Segment Start: DATA EXTRACT
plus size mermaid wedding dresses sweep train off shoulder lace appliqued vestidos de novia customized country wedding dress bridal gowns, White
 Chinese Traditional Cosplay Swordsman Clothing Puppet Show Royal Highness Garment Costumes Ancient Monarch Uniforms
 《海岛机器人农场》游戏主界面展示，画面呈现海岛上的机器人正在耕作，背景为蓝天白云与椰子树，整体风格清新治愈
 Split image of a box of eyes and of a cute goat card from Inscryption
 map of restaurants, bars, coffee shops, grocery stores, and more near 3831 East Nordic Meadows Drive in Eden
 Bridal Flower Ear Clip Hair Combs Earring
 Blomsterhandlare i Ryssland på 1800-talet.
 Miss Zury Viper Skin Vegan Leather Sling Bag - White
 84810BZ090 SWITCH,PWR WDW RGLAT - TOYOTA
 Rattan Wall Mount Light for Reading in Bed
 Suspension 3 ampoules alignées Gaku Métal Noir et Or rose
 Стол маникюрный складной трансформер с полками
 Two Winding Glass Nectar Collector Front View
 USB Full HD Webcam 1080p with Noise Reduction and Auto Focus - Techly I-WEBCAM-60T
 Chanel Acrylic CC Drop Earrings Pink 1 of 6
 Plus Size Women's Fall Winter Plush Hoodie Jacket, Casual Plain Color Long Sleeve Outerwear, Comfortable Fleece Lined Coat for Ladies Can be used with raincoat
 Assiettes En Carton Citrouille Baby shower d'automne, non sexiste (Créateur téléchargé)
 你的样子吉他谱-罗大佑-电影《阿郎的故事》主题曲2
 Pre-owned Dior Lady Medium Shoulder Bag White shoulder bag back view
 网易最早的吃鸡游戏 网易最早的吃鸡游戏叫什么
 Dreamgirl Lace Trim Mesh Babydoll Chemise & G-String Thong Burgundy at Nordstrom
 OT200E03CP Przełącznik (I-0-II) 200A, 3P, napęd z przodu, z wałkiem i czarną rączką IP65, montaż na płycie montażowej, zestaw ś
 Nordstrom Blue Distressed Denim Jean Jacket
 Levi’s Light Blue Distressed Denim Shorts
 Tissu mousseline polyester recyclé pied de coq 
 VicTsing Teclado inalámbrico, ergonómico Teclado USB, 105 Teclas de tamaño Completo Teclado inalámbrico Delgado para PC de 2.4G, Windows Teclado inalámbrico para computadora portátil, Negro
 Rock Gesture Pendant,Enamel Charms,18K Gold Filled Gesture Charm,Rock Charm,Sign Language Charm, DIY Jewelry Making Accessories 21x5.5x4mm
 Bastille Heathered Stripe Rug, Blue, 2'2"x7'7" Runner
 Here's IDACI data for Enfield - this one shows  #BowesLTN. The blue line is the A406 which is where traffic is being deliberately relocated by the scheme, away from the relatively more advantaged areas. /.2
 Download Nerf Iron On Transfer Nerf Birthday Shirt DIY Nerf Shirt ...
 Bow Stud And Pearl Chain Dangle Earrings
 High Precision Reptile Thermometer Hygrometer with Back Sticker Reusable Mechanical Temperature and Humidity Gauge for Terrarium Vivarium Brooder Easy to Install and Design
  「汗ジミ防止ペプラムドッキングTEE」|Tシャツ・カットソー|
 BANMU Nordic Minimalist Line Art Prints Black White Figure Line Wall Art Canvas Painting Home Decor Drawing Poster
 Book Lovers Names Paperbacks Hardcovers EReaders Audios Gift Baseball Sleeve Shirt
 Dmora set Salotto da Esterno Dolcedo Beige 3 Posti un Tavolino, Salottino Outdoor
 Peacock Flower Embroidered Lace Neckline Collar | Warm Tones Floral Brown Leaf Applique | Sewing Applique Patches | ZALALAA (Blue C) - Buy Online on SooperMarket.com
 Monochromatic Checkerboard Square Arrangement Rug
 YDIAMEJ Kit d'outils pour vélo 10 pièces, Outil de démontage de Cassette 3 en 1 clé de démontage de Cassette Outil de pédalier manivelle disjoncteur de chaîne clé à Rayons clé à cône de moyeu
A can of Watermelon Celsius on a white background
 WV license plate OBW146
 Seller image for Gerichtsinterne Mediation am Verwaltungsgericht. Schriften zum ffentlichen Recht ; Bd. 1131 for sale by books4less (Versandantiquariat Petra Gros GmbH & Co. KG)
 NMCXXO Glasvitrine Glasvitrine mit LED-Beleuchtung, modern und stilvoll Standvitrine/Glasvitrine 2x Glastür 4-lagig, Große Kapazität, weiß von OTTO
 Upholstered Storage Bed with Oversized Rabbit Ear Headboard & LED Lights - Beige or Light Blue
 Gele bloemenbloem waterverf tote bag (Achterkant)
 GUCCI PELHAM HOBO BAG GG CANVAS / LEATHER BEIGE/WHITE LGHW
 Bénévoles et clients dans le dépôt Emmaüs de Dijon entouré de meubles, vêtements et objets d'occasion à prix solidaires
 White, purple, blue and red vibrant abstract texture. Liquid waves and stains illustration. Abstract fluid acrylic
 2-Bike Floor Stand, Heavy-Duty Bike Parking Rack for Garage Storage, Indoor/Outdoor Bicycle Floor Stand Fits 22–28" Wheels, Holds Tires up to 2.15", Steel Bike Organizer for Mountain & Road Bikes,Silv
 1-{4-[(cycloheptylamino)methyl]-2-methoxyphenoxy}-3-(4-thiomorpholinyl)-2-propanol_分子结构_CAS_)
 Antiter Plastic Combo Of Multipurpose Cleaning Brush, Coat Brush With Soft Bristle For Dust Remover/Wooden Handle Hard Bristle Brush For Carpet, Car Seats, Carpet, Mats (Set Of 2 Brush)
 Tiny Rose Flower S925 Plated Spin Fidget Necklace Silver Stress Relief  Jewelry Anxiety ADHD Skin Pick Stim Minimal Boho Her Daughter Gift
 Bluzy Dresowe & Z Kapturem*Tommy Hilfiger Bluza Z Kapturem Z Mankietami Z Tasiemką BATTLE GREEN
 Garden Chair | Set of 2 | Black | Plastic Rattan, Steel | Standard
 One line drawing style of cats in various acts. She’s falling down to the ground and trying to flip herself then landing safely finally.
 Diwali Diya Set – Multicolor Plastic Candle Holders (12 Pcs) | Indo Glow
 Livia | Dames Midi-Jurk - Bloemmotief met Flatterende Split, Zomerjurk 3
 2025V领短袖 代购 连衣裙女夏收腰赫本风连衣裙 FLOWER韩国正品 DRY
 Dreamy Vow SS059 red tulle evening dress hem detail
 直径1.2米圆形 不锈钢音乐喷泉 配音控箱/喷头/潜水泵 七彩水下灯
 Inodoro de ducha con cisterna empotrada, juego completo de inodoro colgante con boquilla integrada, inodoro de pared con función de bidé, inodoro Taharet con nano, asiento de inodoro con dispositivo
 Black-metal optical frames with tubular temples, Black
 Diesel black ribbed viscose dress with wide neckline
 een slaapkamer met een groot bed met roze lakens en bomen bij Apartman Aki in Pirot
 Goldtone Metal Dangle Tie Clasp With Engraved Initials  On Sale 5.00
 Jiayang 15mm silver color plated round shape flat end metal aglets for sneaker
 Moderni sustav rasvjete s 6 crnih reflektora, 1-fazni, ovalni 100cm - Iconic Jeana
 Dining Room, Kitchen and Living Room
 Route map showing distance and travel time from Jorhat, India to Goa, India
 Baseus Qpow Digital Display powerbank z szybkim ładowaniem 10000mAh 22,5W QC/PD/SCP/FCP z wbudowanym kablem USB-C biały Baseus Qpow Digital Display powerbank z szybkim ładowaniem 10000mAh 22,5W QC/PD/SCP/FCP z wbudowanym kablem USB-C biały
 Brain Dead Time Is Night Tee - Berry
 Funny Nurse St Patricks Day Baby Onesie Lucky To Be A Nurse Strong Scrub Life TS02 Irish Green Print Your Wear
Segment End: DATA EXTRACT
* [INSTRUCTIONS FOR THE TASK]:
Take the listing above and write it out again exactly.

* [EXERCISE ANSWER]:
plus size mermaid wedding dresses sweep train off shoulder lace appliqued vestidos de novia customized country wedding dress bridal gowns, White
 Chinese Traditional Cosplay Swordsman Clothing Puppet Show Royal Highness Garment Costumes Ancient Monarch Uniforms
 《海岛机器人农场》游戏主界面展示，画面呈现海岛上的机器人正在耕作，背景为蓝天白云与椰子树，整体风格清新治愈
 Split image of a box of eyes and of a cute goat card from Inscryption
 map of restaurants, bars, coffee shops, grocery stores, and more near 3831 East Nordic Meadows Drive in Eden
 Bridal Flower Ear Clip Hair Combs Earring
 Blomsterhandlare i Ryssland på 1800-talet.
 Miss Zury Viper Skin Vegan Leather Sling Bag - White
 84810BZ090 SWITCH,PWR WDW RGLAT - TOYOTA
 Rattan Wall Mount Light for Reading in Bed
 Suspension 3 ampoules alignées Gaku Métal Noir et Or rose
 Стол маникюрный складной трансформер с полками
 Two Winding Glass Nectar Collector Front View
 USB Full HD Webcam 1080p with Noise Reduction and Auto Focus - Techly I-WEBCAM-60T
 Chanel Acrylic CC Drop Earrings Pink 1 of 6
 Plus Size Women's Fall Winter Plush Hoodie Jacket, Casual Plain Color Long Sleeve Outerwear, Comfortable Fleece Lined Coat for Ladies Can be used with raincoat
 Assiettes En Carton Citrouille Baby shower d'automne, non sexiste (Créateur téléchargé)
 你的样子吉他谱-罗大佑-电影《阿郎的故事》主题曲2
 Pre-owned Dior Lady Medium Shoulder Bag White shoulder bag back view
 网易最早的吃鸡游戏 网易最早的吃鸡游戏叫什么
 Dreamgirl Lace Trim Mesh Babydoll Chemise & G-String Thong Burgundy at Nordstrom
 OT200E03CP Przełącznik (I-0-II) 200A, 3P, napęd z przodu, z wałkiem i czarną rączką IP65, montaż na płycie montażowej, zestaw ś
 Nordstrom Blue Distressed Denim Jean Jacket
 Levi’s Light Blue Distressed Denim Shorts
 Tissu mousseline polyester recyclé pied de coq 
 VicTsing Teclado inalámbrico, ergonómico Teclado USB, 105 Teclas de tamaño Completo Teclado inalámbrico Delgado para PC de 2.4G, Windows Teclado inalámbrico para computadora portátil, Negro
 Rock Gesture Pendant,Enamel Charms,18K Gold Filled Gesture Charm,Rock Charm,Sign Language Charm, DIY Jewelry Making Accessories 21x5.5x4mm
 Bastille Heathered Stripe Rug, Blue, 2'2"x7'7" Runner
 Here's IDACI data for Enfield - this one shows  #BowesLTN. The blue line is the A406 which is where traffic is being deliberately relocated by the scheme, away from the relatively more advantaged areas. /.2
 Download Nerf Iron On Transfer Nerf Birthday Shirt DIY Nerf Shirt ...
 Bow Stud And Pearl Chain Dangle Earrings
 High Precision Reptile Thermometer Hygrometer with Back Sticker Reusable Mechanical Temperature and Humidity Gauge for Terrarium Vivarium Brooder Easy to Install and Design
  「汗ジミ防止ペプラムドッキングTEE」|Tシャツ・カットソー|
 BANMU Nordic Minimalist Line Art Prints Black White Figure Line Wall Art Canvas Painting Home Decor Drawing Poster
 Book Lovers Names Paperbacks Hardcovers EReaders Audios Gift Baseball Sleeve Shirt
 Dmora set Salotto da Esterno Dolcedo Beige 3 Posti un Tavolino, Salottino Outdoor
 Peacock Flower Embroidered Lace Neckline Collar | Warm Tones Floral Brown Leaf Applique | Sewing Applique Patches | ZALALAA (Blue C) - Buy Online on SooperMarket.com
 Monochromatic Checkerboard Square Arrangement Rug
 YDIAMEJ Kit d'outils pour vélo 10 pièces, Outil de démontage de Cassette 3 en 1 clé de démontage de Cassette Outil de pédalier manivelle disjoncteur de chaîne clé à Rayons clé à cône de moyeu
A can of Watermelon Celsius on a white background
 WV license plate OBW146
 Seller image for Gerichtsinterne Mediation am Verwaltungsgericht. Schriften zum ffentlichen Recht ; Bd. 1131 for sale by books4less (Versandantiquariat Petra Gros GmbH & Co. KG)
 NMCXXO Glasvitrine Glasvitrine mit LED-Beleuchtung, modern und stilvoll Standvitrine/Glasvitrine 2x Glastür 4-lagig, Große Kapazität, weiß von OTTO
 Upholstered Storage Bed with Oversized Rabbit Ear Headboard & LED Lights - Beige or Light Blue
 Gele bloemenbloem waterverf tote bag (Achterkant)
 GUCCI PELHAM HOBO BAG GG CANVAS / LEATHER BEIGE/WHITE LGHW
 Bénévoles et clients dans le dépôt Emmaüs de Dijon entouré de meubles, vêtements et objets d'occasion à prix solidaires
 White, purple, blue and red vibrant abstract texture. Liquid waves and stains illustration. Abstract fluid acrylic
 2-Bike Floor Stand, Heavy-Duty Bike Parking Rack for Garage Storage, Indoor/Outdoor Bicycle Floor Stand Fits 22–28" Wheels, Holds Tires up to 2.15", Steel Bike Organizer for Mountain & Road Bikes,Silv
 1-{4-[(cycloheptylamino)methyl]-2-methoxyphenoxy}-3-(4-thiomorpholinyl)-2-propanol_分子结构_CAS_)
 Antiter Plastic Combo Of Multipurpose Cleaning Brush, Coat Brush With Soft Bristle For Dust Remover/Wooden Handle Hard Bristle Brush For Carpet, Car Seats, Carpet, Mats (Set Of 2 Brush)
 Tiny Rose Flower S925 Plated Spin Fidget Necklace Silver Stress Relief  Jewelry Anxiety ADHD Skin Pick Stim Minimal Boho Her Daughter Gift
 Bluzy Dresowe & Z Kapturem*Tommy Hilfiger Bluza Z Kapturem Z Mankietami Z Tasiemką BATTLE GREEN
 Garden Chair | Set of 2 | Black | Plastic Rattan, Steel | Standard
 One line drawing style of cats in various acts. She’s falling down to the ground and trying to flip herself then landing safely finally.
 Diwali Diya Set – Multicolor Plastic Candle Holders (12 Pcs) | Indo Glow
 Livia | Dames Midi-Jurk - Bloemmotief met Flatterende Split, Zomerjurk 3
 2025V领短袖 代购 连衣裙女夏收腰赫本风连衣裙 FLOWER韩国正品 DRY
 Dreamy Vow SS059 red tulle evening dress hem detail
 直径1.2米圆形 不锈钢音乐喷泉 配音控箱/喷头/潜水泵 七彩水下灯
 Inodoro de ducha con cisterna empotrada, juego completo de inodoro colgante con boquilla integrada, inodoro de pared con función de bidé, inodoro Taharet con nano, asiento de inodoro con dispositivo
 Black-metal optical frames with tubular temples, Black
 Diesel black ribbed viscose dress with wide neckline
 een slaapkamer met een groot bed met roze lakens en bomen bij Apartman Aki in Pirot
 Goldtone Metal Dangle Tie Clasp With Engraved Initials  On Sale 5.00
 Jiayang 15mm silver color plated round shape flat end metal aglets for sneaker
 Moderni sustav rasvjete s 6 crnih reflektora, 1-fazni, ovalni 100cm - Iconic Jeana
 Dining Room, Kitchen and Living Room
 Route map showing distance and travel time from Jorhat, India to Goa, India
 Baseus Qpow Digital Display powerbank z szybkim ładowaniem 10000mAh 22,5W QC/PD/SCP/FCP z wbudowanym kablem USB-C biały Baseus Qpow Digital Display powerbank z szybkim ładowaniem 10000mAh 22,5W QC/PD/SCP/FCP z wbudowanym kablem USB-C biały
 Brain Dead Time Is Night Tee - Berry
 Funny Nurse St Patricks Day Baby Onesie Lucky To Be A Nurse Strong Scrub Life TS02 Irish Green Print Your Wear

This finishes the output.